Sparse Variational Inference : Bayesian Coresets from Scrath (NeurIPS 2019)
Abstract
Recent work on Bayesian coresets :
- compressing the data, before inference algorithm!
- goal : both (1) scalability & (2) guaranteees on posterior approximation error
Proposition :
- formulate coreset construction as “sparsity-constrained VI within an exponential family”
1. Introduction
Bayesian Inference is typically intractable : use MCMC or VI
Both methods were created on per-model basis.
But developments in automated tools have made it accessible to practitioners
-
ex) automatic differentiation, black-box gradient estimates, Hamiltonian transition kernels
-
but that’s not enough! should be computationally scalable!
Bayesian Coreset ( = core of a dataset )
- alternative approach
- (assumption) large datasets = contain redundant data
- computationally inexpensive & simple
Proposition :
provide a new formulation of coreset construction as exponential family VI with sparsity constraint
2. Background
Pdf : \(\pi(\theta)\)
- decompose into \(N\) potentials : \(\left(f_{n}(\theta)\right)_{n=1}^{N}\)
- base density : \(\pi_{0}(\theta)\)
Decomposition : \(\pi(\theta):=\frac{1}{Z} \exp \left(\sum_{n=1}^{N} f_{n}(\theta)\right) \pi_{0}(\theta)\)
Often intractable to compute expectations under \(\pi\) exactly…
To reduce the cost of MCMC… instead run it on small, weighted subset of data = “Bayesian Coreset”
WEIGHT : (Sparse vector) \(w \in \mathbb{R}_{>0}^{N}\) ( only \(M \ll N\) are nonzero )
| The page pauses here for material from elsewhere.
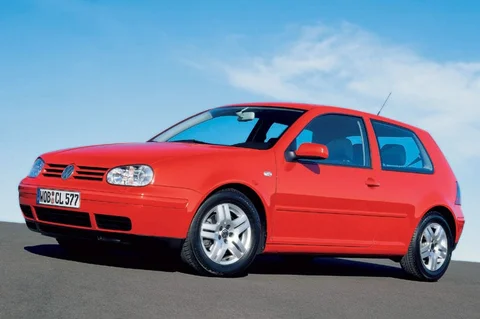 Volkswagen Golf 1.6 Pacific 2003 view 4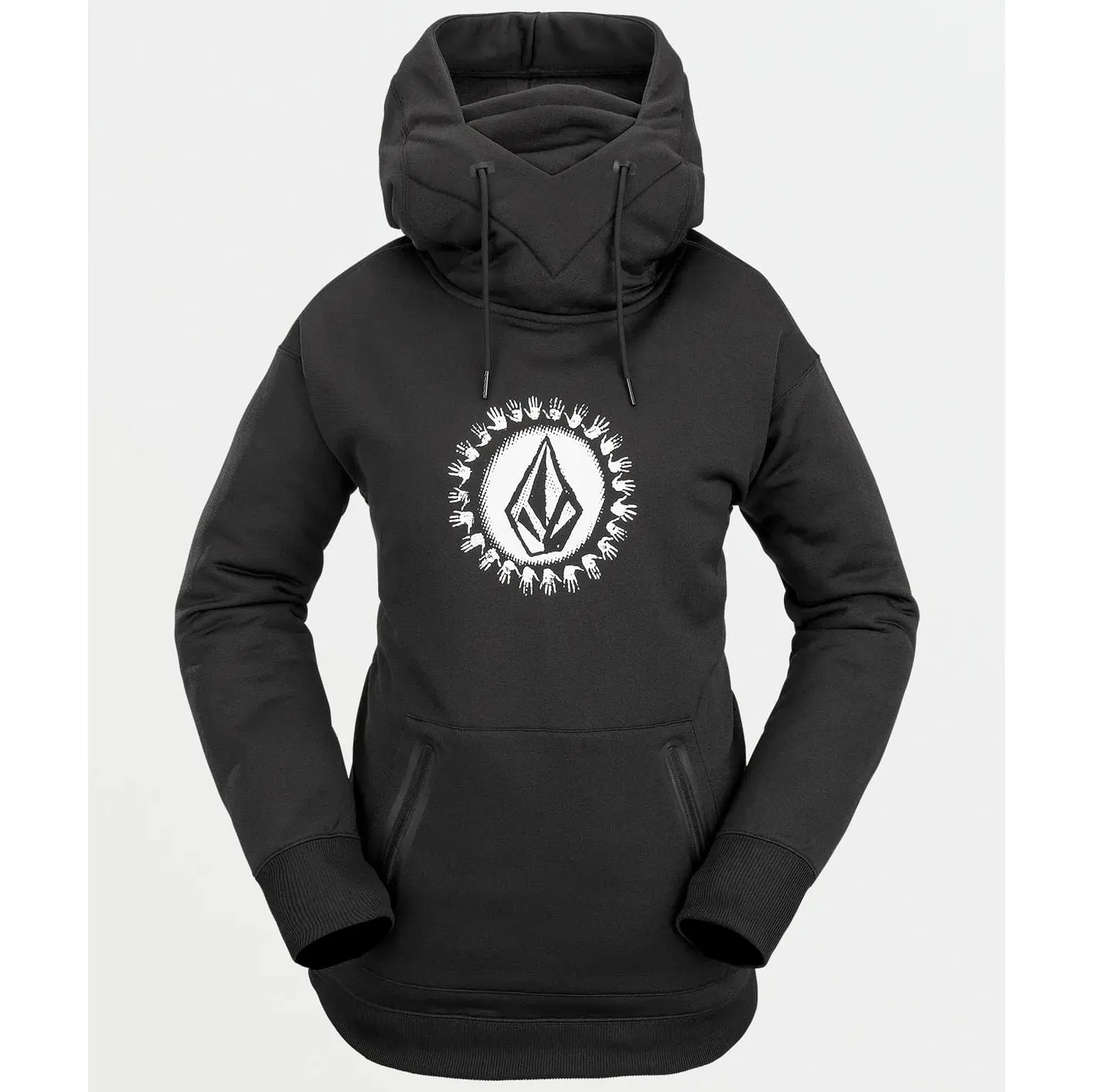 Volcom Spring Shred Womens Hoodie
Approximate full log-density, with \(w\)-reweighted sum
-
\(\pi_{w}(\theta):=\frac{1}{Z(w)} \exp \left(\sum_{n=1}^{N} w_{n} f_{n}(\theta)\right) \pi_{0}(\theta)\).,
where only \(M \ll N,\) are nonzero ( \(\mid \mid w \mid \mid _{0}:=\sum_{n=1}^{N} \mathbb{1}\left[w_{n}>0\right] \leq M\) )
-
\(\pi_{1}=\pi\) : full density
-
If \(M \ll N,\) evaluating a function proportional to \(\pi_{w}\) is much less expensive than original \(\pi\)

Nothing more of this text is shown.